===== Source records =====

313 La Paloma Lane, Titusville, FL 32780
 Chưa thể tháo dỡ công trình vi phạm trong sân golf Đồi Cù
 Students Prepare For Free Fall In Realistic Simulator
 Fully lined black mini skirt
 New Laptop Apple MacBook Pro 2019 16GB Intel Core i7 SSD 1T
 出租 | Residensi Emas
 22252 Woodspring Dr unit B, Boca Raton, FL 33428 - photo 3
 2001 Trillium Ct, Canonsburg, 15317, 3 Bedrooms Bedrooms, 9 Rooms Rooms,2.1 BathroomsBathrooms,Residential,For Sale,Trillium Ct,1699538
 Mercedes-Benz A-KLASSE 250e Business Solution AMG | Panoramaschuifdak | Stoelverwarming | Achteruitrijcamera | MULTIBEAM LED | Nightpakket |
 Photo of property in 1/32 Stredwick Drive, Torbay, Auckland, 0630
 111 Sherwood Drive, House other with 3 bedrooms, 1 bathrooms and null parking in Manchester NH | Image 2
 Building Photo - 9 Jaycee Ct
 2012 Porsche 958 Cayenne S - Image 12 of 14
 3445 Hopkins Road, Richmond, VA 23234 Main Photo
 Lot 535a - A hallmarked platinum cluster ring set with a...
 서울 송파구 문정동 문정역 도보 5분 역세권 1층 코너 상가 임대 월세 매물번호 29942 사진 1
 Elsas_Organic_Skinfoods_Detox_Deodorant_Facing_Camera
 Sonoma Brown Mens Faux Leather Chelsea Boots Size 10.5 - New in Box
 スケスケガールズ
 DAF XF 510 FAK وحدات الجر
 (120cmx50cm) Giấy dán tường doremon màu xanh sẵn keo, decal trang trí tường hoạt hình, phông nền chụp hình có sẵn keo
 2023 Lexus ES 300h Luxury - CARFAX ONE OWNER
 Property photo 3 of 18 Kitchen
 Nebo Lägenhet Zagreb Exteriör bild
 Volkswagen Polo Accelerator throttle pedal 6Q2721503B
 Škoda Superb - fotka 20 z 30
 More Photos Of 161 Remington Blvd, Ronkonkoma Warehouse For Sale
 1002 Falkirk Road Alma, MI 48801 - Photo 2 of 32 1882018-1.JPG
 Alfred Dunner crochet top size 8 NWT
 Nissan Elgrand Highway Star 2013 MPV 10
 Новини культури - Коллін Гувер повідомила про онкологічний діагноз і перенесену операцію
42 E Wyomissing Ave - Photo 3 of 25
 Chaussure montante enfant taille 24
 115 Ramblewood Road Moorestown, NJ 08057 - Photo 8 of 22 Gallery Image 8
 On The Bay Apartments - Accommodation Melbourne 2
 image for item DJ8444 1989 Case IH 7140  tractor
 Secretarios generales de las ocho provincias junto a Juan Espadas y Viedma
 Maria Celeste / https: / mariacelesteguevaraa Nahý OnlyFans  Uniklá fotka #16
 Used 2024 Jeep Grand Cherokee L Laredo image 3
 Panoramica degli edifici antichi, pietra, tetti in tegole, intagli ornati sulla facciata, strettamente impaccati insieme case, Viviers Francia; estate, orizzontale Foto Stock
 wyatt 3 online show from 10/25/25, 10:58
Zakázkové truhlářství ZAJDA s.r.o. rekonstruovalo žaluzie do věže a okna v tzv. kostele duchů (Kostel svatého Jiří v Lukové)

=====

The task » Your answer must be the lines above from the one containing "Students Prepare For" to the one containing "111 Sherwood Drive, House", both included, restated word for word.

Response to the task »
 Students Prepare For Free Fall In Realistic Simulator
 Fully lined black mini skirt
 New Laptop Apple MacBook Pro 2019 16GB Intel Core i7 SSD 1T
 出租 | Residensi Emas
 22252 Woodspring Dr unit B, Boca Raton, FL 33428 - photo 3
 2001 Trillium Ct, Canonsburg, 15317, 3 Bedrooms Bedrooms, 9 Rooms Rooms,2.1 BathroomsBathrooms,Residential,For Sale,Trillium Ct,1699538
 Mercedes-Benz A-KLASSE 250e Business Solution AMG | Panoramaschuifdak | Stoelverwarming | Achteruitrijcamera | MULTIBEAM LED | Nightpakket |
 Photo of property in 1/32 Stredwick Drive, Torbay, Auckland, 0630
 111 Sherwood Drive, House other with 3 bedrooms, 1 bathrooms and null parking in Manchester NH | Image 2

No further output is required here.